══ Provided records

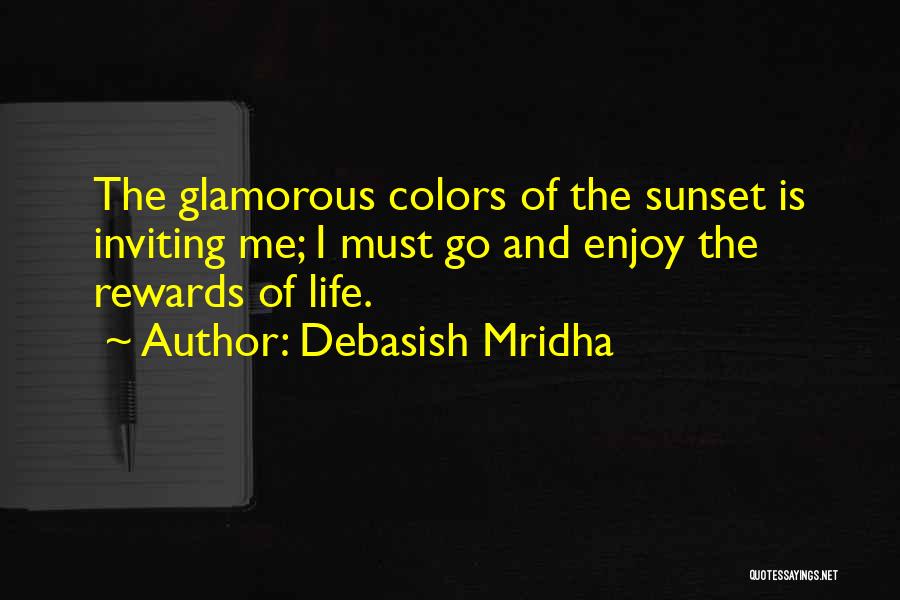 Debasish Mridha Quotes: The Glamorous Colors Of The Sunset Is Inviting Me; I Must Go And Enjoy The Rewards Of Life.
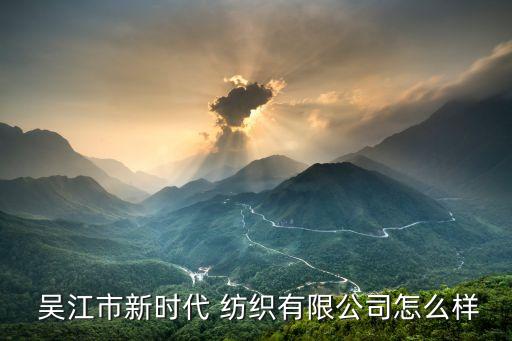  吳江市新時代 紡織有限公司怎么樣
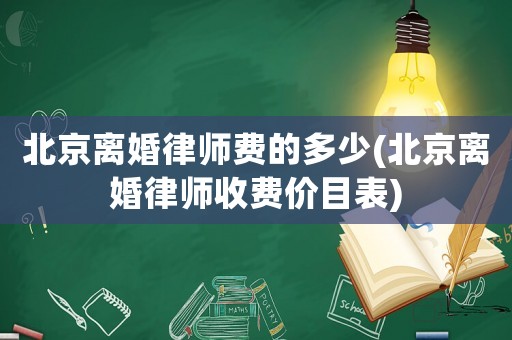 北京離婚律師費的多少(北京離婚律師收費價目表)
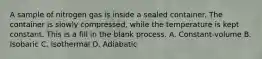A sample of nitrogen gas is inside a sealed container. The container is slowly compressed, while the temperature is kept constant. This is a fill in the blank process. A. Constant-volume B. Isobaric C. Isothermal D. Adiabatic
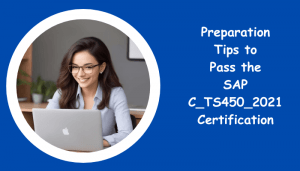 C_TS450_2021 certification preparation tips and materials.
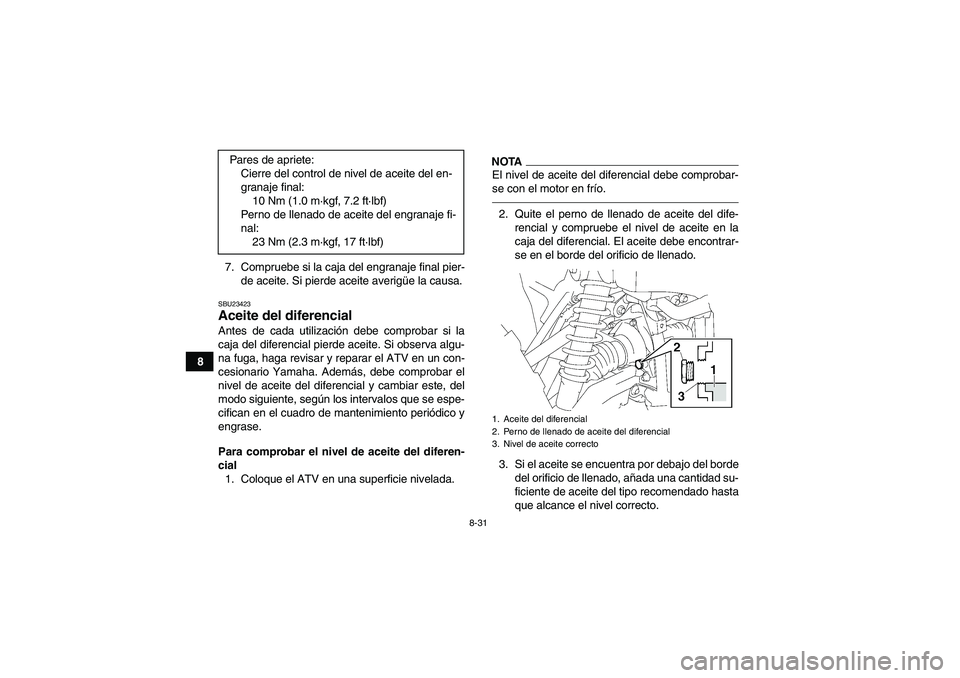 YAMAHA GRIZZLY 700 2010  Manuale de Empleo (in Spanish) 8-31
87. Compruebe si la caja del engranaje final pier-
de aceite. Si pierde aceite averigüe la causa.
SBU23423Aceite del diferencial Antes de cada utilización debe comprobar si la
caja del diferenc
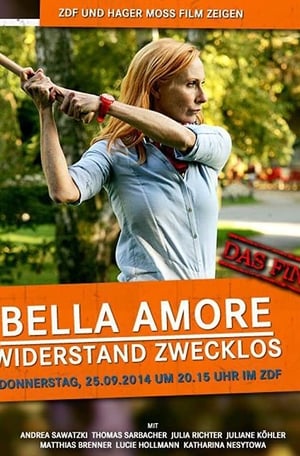 Bella Amore - Widerstand zwecklos poszter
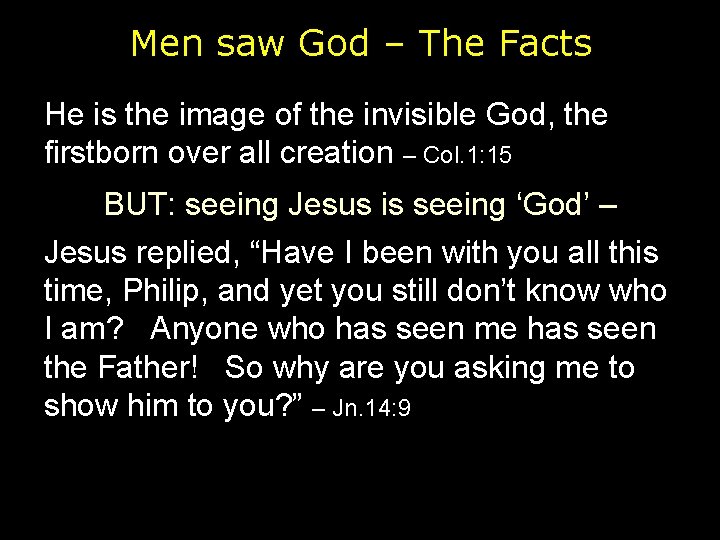 Men saw God – The Facts He is the image of the invisible God,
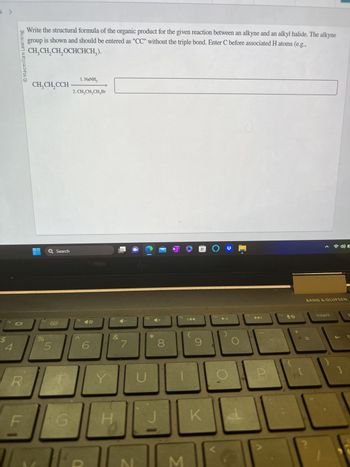 3 >
$
4
Macmillan Learning
101
K
LL I
Write the structural formula of the organic product for the given reaction between an alkyne and an alkyl halide. The alkyne
group is shown and should be entered as "CC" without the triple bond. Enter C before associated H atoms (e.g.,
CH₂CH₂CH₂ OCHCHCH₂).
CH₂CH₂CCH
f5
%
Q Search
5
G
1. NaNH,
2. CH₂CH₂CH₂Br
f6
6
Y
17
H
&
7
fg
*
D
8
N
19
M
IAA
48
9
K
O
f10
►I
P
112
+
BANG & OLUFSEN
insert
]
F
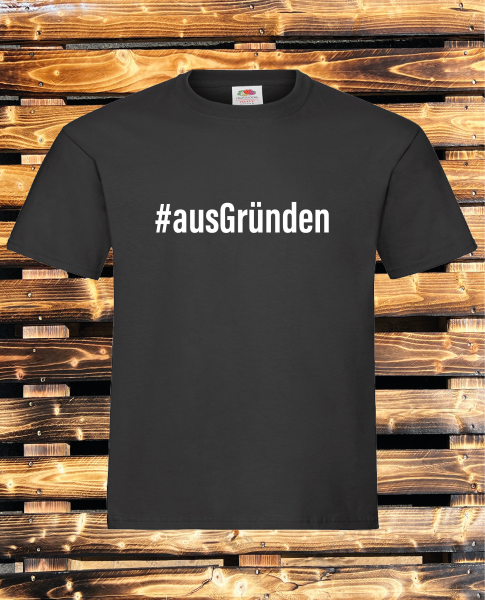 #ausGründen T-Shirt unisex schwarz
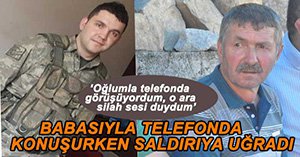 BABASIYLA TELEFONDA GÖRÜŞÜRKEN ŞEHİT OLDU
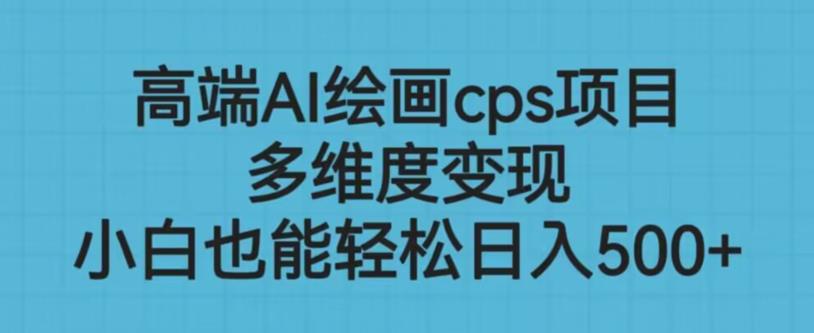 高端AI绘画cps项目，多维度变现，小白也能轻松上手【揭秘】-16888副业资讯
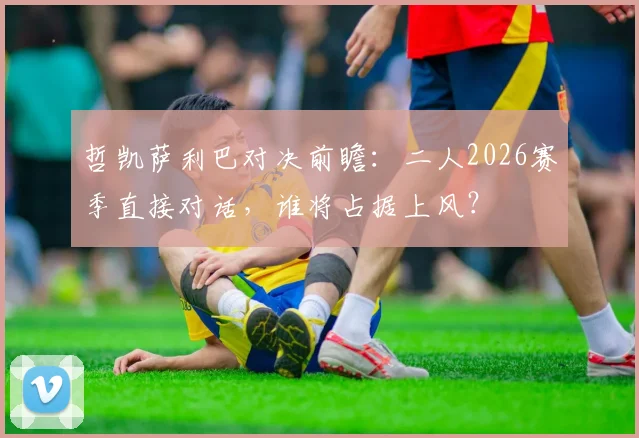 哲凯萨利巴对决前瞻:二人2026赛季直接对话,谁将占据上风?
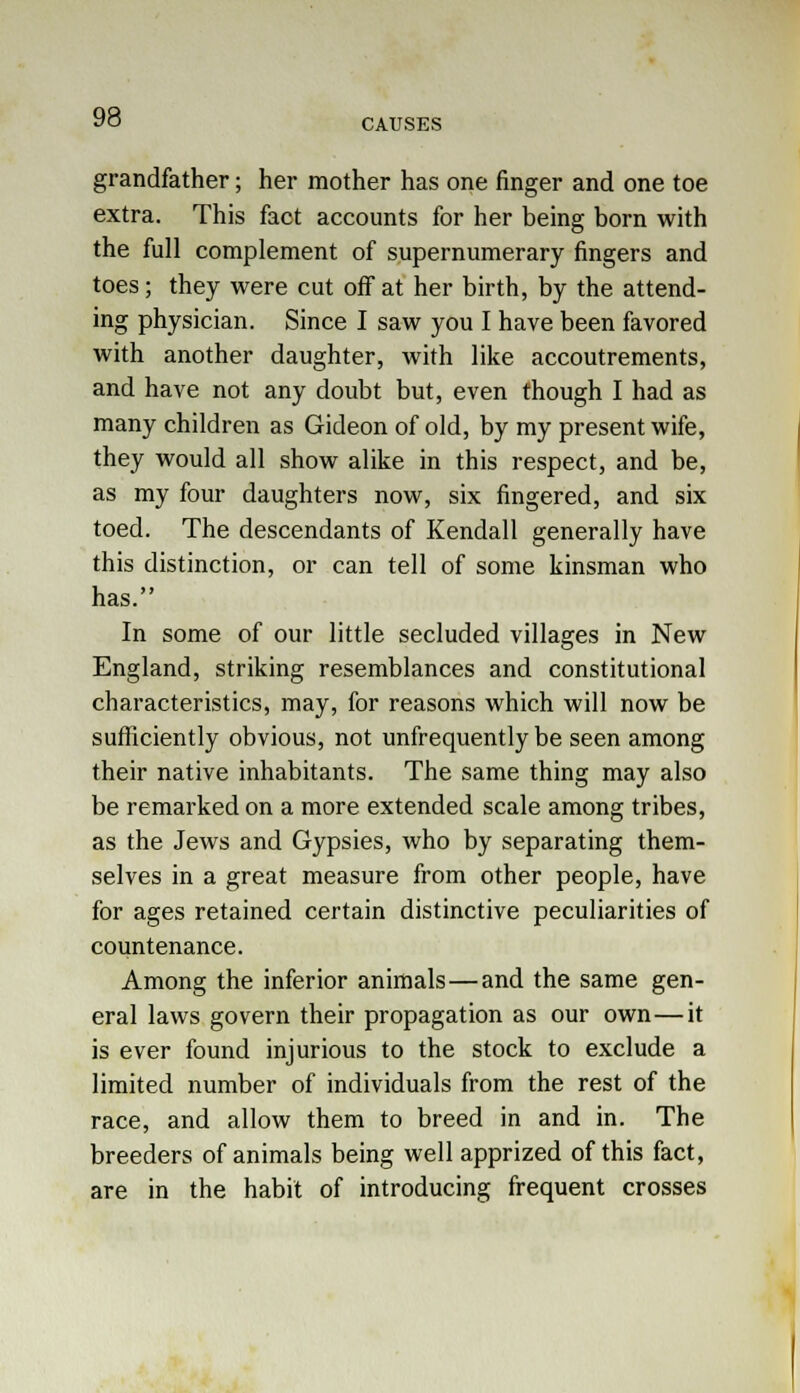 CAUSES grandfather; her mother has one finger and one toe extra. This faot accounts for her being born with the full complement of supernumerary fingers and toes; they were cut off at her birth, by the attend- ing physician. Since I saw you I have been favored with another daughter, with like accoutrements, and have not any doubt but, even though I had as many children as Gideon of old, by my present wife, they would all show alike in this respect, and be, as my four daughters now, six fingered, and six toed. The descendants of Kendall generally have this distinction, or can tell of some kinsman who has. In some of our little secluded villages in New England, striking resemblances and constitutional characteristics, may, for reasons which will now be sufficiently obvious, not unfrequently be seen among their native inhabitants. The same thing may also be remarked on a more extended scale among tribes, as the Jews and Gypsies, who by separating them- selves in a great measure from other people, have for ages retained certain distinctive peculiarities of countenance. Among the inferior animals—and the same gen- eral laws govern their propagation as our own—it is ever found injurious to the stock to exclude a limited number of individuals from the rest of the race, and allow them to breed in and in. The breeders of animals being well apprized of this fact, are in the habit of introducing frequent crosses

════

**Exercise objective:** Leave out the pictures and copy exactly the lines from the one with "BANG & OLUFSEN" through the last line of the records above.

**Reply to the task:**
BANG & OLUFSEN
insert
]
F
 #ausGründen T-Shirt unisex schwarz
 BABASIYLA TELEFONDA GÖRÜŞÜRKEN ŞEHİT OLDU
 高端AI绘画cps项目，多维度变现，小白也能轻松上手【揭秘】-16888副业资讯
 哲凯萨利巴对决前瞻:二人2026赛季直接对话,谁将占据上风?
 CAUSES grandfather; her mother has one finger and one toe extra. This faot accounts for her being born with the full complement of supernumerary fingers and toes; they were cut off at her birth, by the attend- ing physician. Since I saw you I have been favored with another daughter, with like accoutrements, and have not any doubt but, even though I had as many children as Gideon of old, by my present wife, they would all show alike in this respect, and be, as my four daughters now, six fingered, and six toed. The descendants of Kendall generally have this distinction, or can tell of some kinsman who has. In some of our little secluded villages in New England, striking resemblances and constitutional characteristics, may, for reasons which will now be sufficiently obvious, not unfrequently be seen among their native inhabitants. The same thing may also be remarked on a more extended scale among tribes, as the Jews and Gypsies, who by separating them- selves in a great measure from other people, have for ages retained certain distinctive peculiarities of countenance. Among the inferior animals—and the same gen- eral laws govern their propagation as our own—it is ever found injurious to the stock to exclude a limited number of individuals from the rest of the race, and allow them to breed in and in. The breeders of animals being well apprized of this fact, are in the habit of introducing frequent crosses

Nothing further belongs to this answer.